### Exercise details:
Copy out, exactly as given, every line from the line with "VW Tiguan 571" to the end of the listing, both of those lines included.

### Extracted entries:
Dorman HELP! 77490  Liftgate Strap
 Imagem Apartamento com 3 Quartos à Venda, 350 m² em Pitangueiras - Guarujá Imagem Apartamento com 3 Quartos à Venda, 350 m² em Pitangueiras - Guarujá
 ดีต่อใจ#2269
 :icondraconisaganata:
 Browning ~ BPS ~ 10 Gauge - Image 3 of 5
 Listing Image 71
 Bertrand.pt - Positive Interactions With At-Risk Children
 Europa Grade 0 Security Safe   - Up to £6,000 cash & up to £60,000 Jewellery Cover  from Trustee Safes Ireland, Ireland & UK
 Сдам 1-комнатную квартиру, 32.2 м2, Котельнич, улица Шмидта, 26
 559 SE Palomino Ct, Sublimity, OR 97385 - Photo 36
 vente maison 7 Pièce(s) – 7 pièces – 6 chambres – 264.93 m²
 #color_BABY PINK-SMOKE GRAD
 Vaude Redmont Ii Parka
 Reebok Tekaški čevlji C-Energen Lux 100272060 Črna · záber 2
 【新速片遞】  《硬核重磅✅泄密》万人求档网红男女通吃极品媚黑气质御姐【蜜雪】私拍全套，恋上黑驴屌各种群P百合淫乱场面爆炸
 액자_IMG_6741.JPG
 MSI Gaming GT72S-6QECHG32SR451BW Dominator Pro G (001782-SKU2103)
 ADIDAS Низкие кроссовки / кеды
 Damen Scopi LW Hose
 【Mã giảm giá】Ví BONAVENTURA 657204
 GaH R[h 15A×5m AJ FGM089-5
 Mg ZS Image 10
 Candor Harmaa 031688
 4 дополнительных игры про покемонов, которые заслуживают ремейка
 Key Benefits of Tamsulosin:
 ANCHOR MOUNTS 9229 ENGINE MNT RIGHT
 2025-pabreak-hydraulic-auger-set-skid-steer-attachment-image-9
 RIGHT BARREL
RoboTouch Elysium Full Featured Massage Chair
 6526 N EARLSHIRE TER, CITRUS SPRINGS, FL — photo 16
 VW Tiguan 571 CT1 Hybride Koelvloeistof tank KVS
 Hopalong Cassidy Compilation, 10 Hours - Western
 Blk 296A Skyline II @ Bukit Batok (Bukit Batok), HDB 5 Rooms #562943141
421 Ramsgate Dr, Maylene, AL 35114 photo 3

### Your solution:
 VW Tiguan 571 CT1 Hybride Koelvloeistof tank KVS
 Hopalong Cassidy Compilation, 10 Hours - Western
 Blk 296A Skyline II @ Bukit Batok (Bukit Batok), HDB 5 Rooms #562943141
421 Ramsgate Dr, Maylene, AL 35114 photo 3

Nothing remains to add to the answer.